The Problem
I am having an issue writing a struct to parquet using pyarrow. There appear to be intermittent failures based on the size of the dataset. If I sub- or super-sample the dataset, it will sometimes write a valid dataset, sometimes not. I cannot discern any pattern to it.
I am writing a single column, with the schema
struct<creation_date: string,
expiration_date: string,
last_updated: string,
name_server: string,
registrar: string,
status: string>
This doesn't appear to be a versioning issue - the write succeeds sometimes, and I've been able to successfully write even more complex data types like lists of structs.
If I unnest the struct so each property gets its own column, things work fine - it's something with how structs are written.
After writing to disk, when I inspect with parquet-tools
, I get the error org.apache.parquet.io.ParquetDecodingException: Can not read value at {n} in block 0 in file
where n is whatever row is throwing the issue.

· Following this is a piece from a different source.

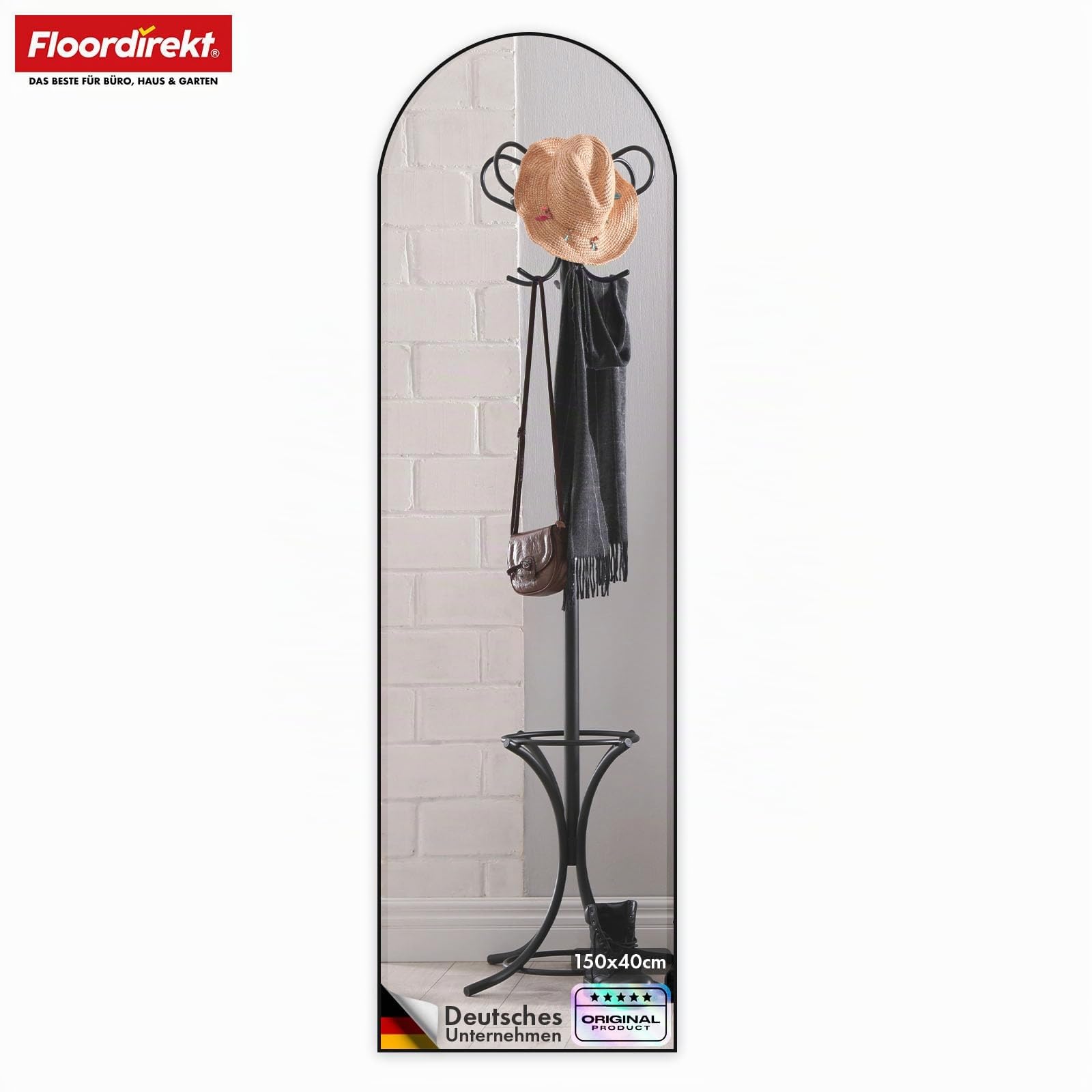 Floordirekt Specchio intero da 150 x 40 cm, specchio curvo, telaio in lega di alluminio, vetro temperato, per camera da letto, soggiorno, guardaroba, nero Madison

There is nothing special about that particular row.
When I load the table into hive and try to explore it there, I get something slightly more illuminating:
Caused by: java.lang.IllegalArgumentException: Reading past RLE/BitPacking stream.
at parquet.Preconditions.checkArgument(Preconditions.java:55)
at parquet.column.values.rle.RunLengthBitPackingHybridDecoder.readNext(RunLengthBitPackingHybridDecoder.java:82)
at parquet.column.values.rle.RunLengthBitPackingHybridDecoder.readInt(RunLengthBitPackingHybridDecoder.java:64)
at parquet.column.values.dictionary.DictionaryValuesReader.readValueDictionaryId(DictionaryValuesReader.java:76)
at parquet.column.impl.ColumnReaderImpl$1.read(ColumnReaderImpl.java:166)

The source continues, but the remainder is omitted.